TASK ITEM: All of the data goes into your copy exactly as written. Images do not.

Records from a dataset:
———
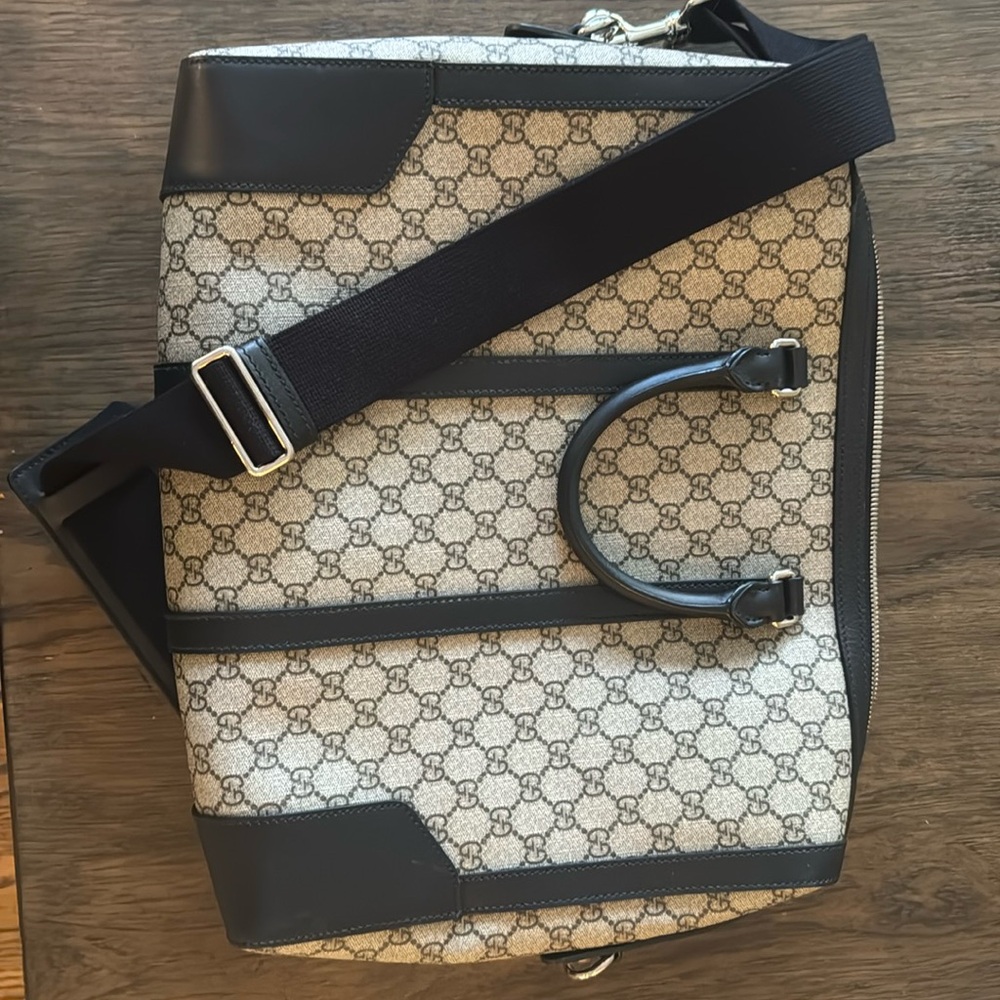Gucci messenger bag with laptop sleeve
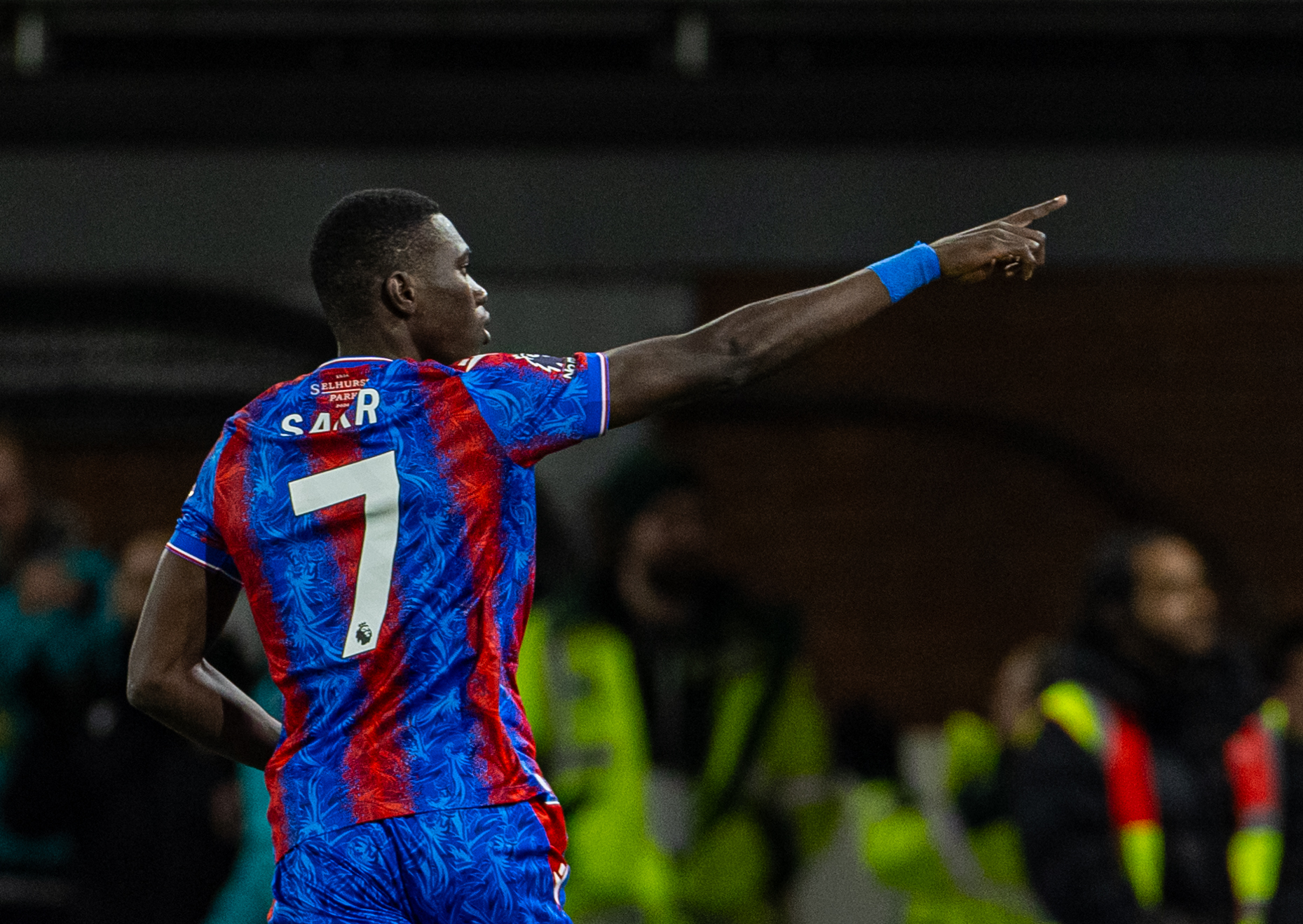 关于水晶宫客场胜诺维奇，保级形势愈发乐观的信息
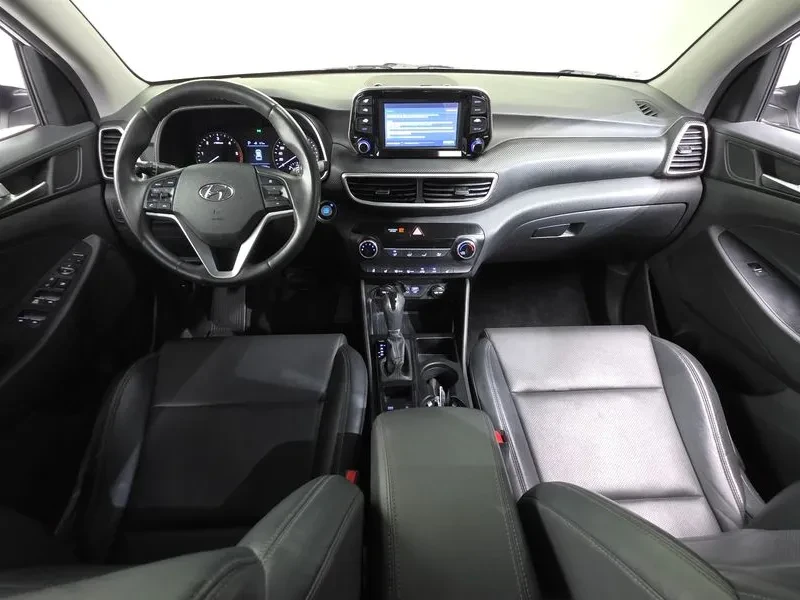 Hyundai Tucson 1.6 2WD MODERN, снимка 7 - Автомобили и джипове - 56161031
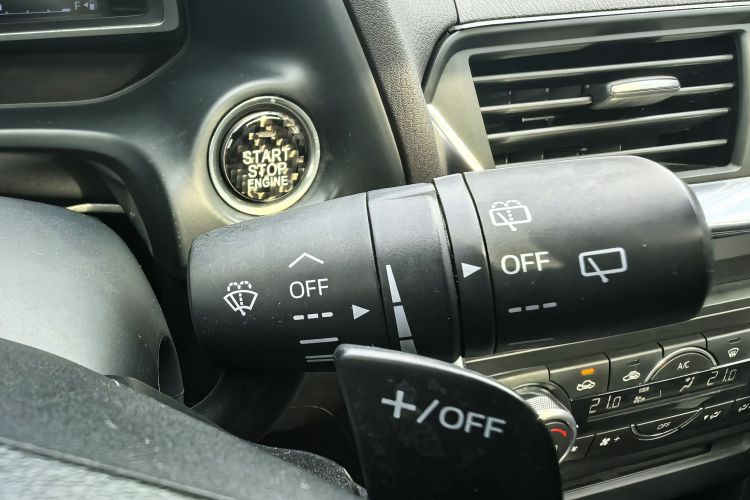 马自达CX-4 2018款 2.5L 自动四驱蓝天激情版 国V中控内饰7004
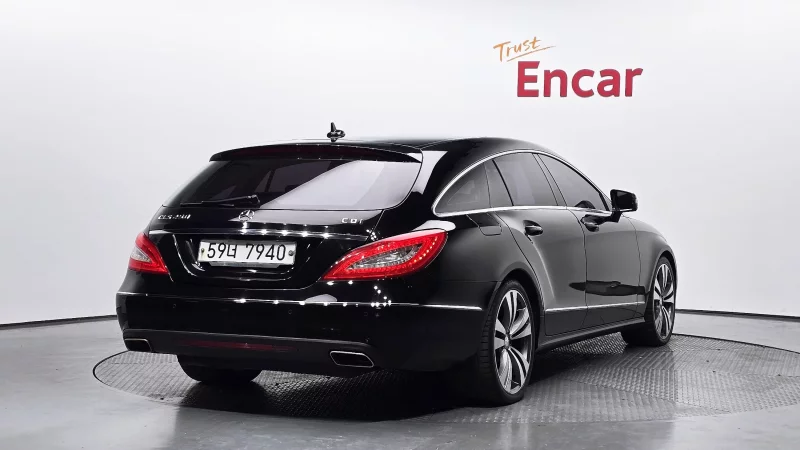 Mercedes-Benz CLS-Class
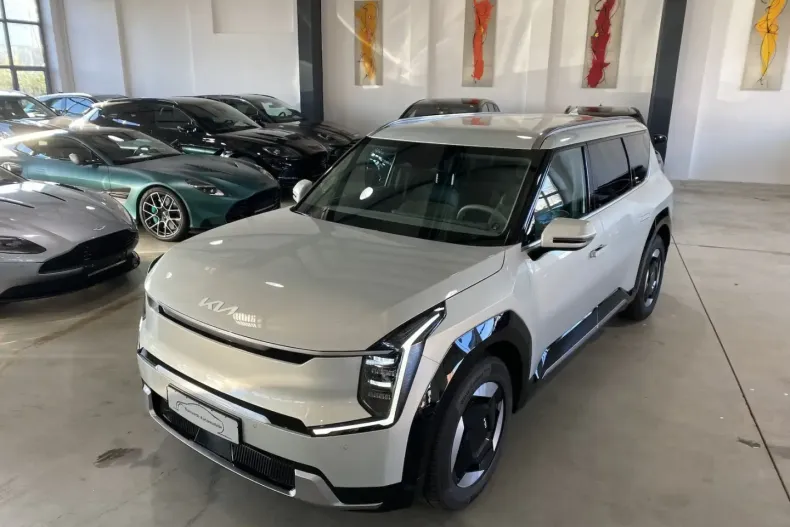 Kia EV9 din 2024 cu 46.300 km - oferta KIA155265 - foto 2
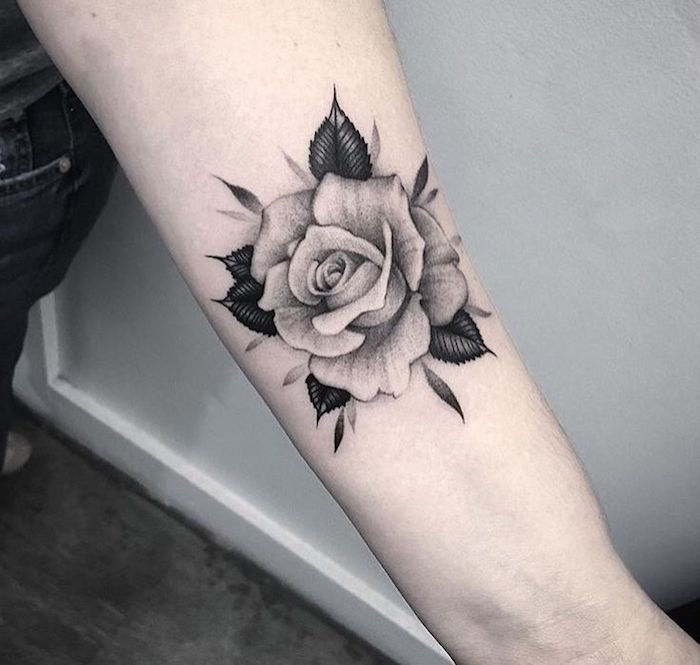 bloemen en hun betekenis, realistische tatoeage met rozenmotief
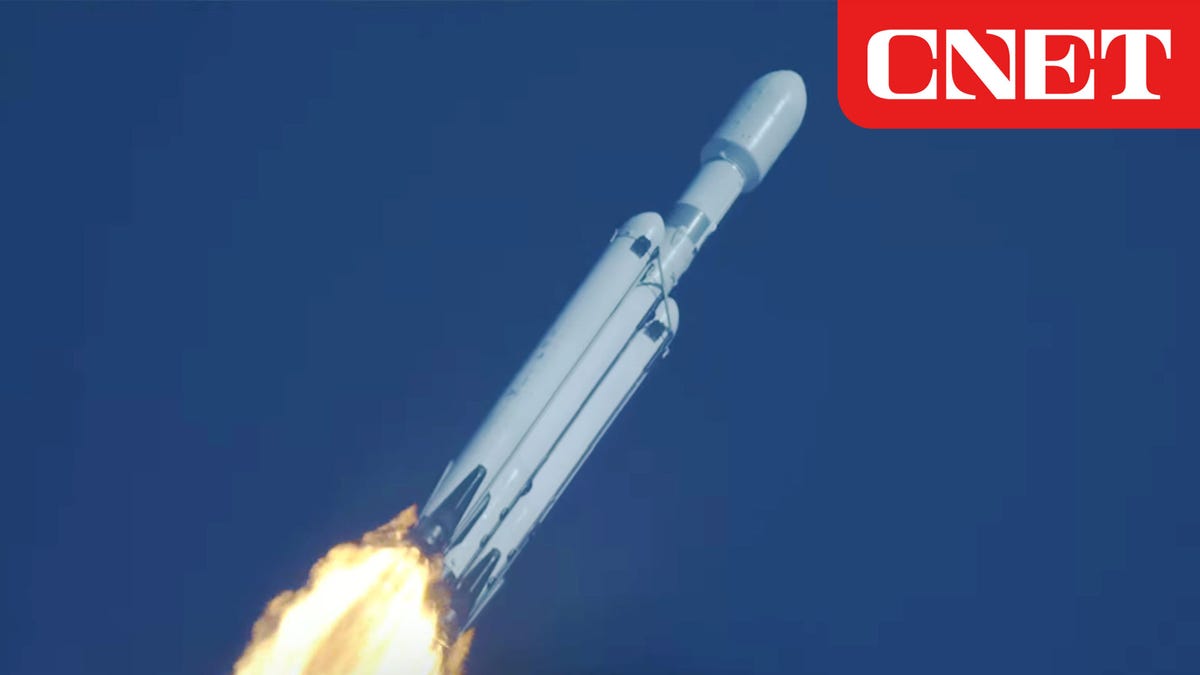 SpaceX's Falcon Heavy Rocket Lifts Off - Video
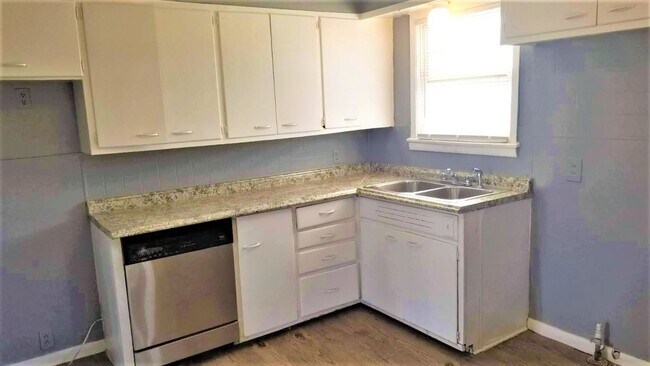 Building Photo - Handyman Special $0 First Month's Rent / “You fix, you SAVE BIG!!” Contact Mayshell for details: ...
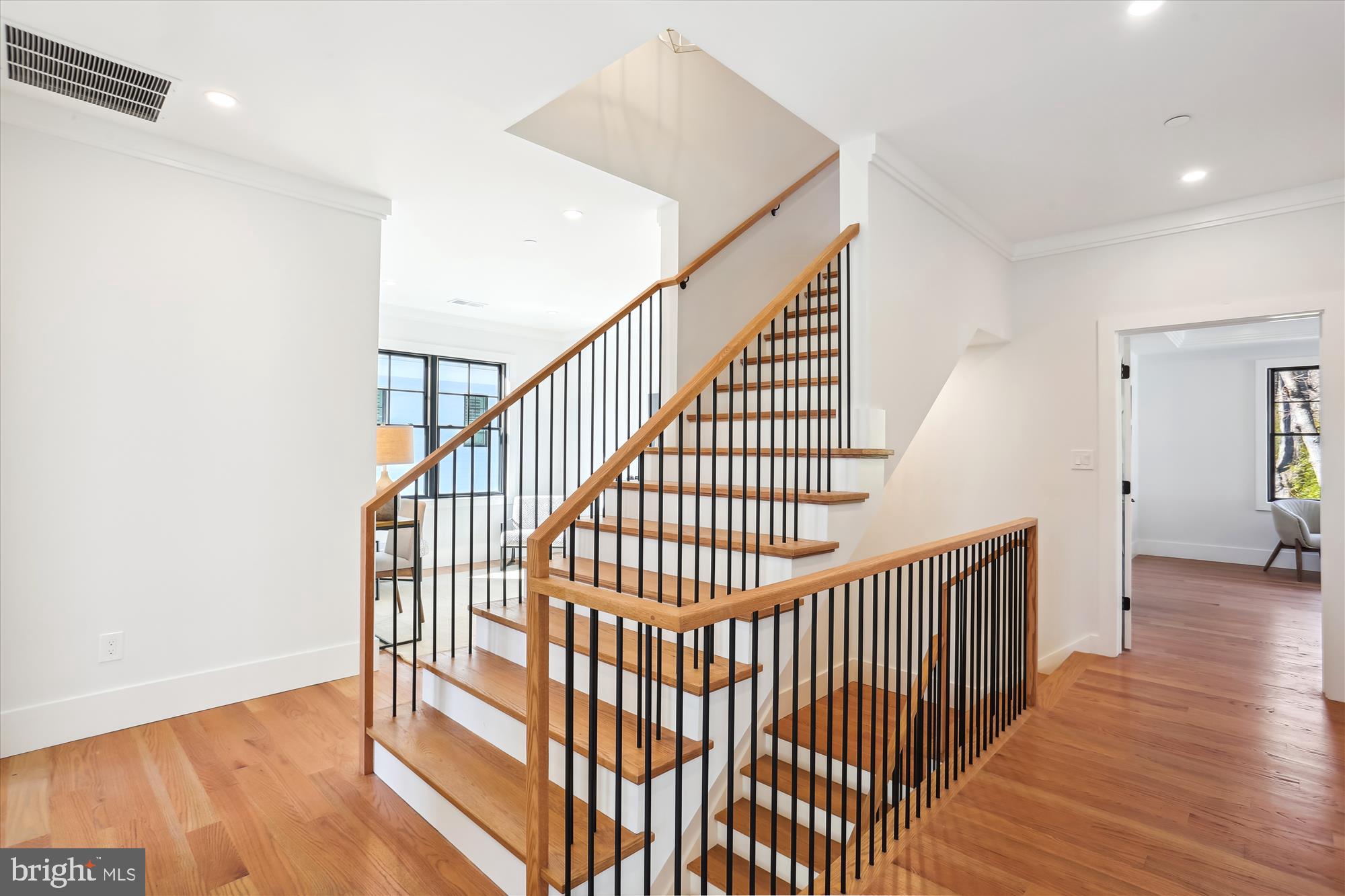 KENSINGTON ESTATES - Residential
———
ANSWER TO THIS PROBLEM:
Gucci messenger bag with laptop sleeve
 关于水晶宫客场胜诺维奇，保级形势愈发乐观的信息
 Hyundai Tucson 1.6 2WD MODERN, снимка 7 - Автомобили и джипове - 56161031
 马自达CX-4 2018款 2.5L 自动四驱蓝天激情版 国V中控内饰7004
 Mercedes-Benz CLS-Class
 Kia EV9 din 2024 cu 46.300 km - oferta KIA155265 - foto 2
 bloemen en hun betekenis, realistische tatoeage met rozenmotief
 SpaceX's Falcon Heavy Rocket Lifts Off - Video
 Building Photo - Handyman Special $0 First Month's Rent / “You fix, you SAVE BIG!!” Contact Mayshell for details: ...
 KENSINGTON ESTATES - Residential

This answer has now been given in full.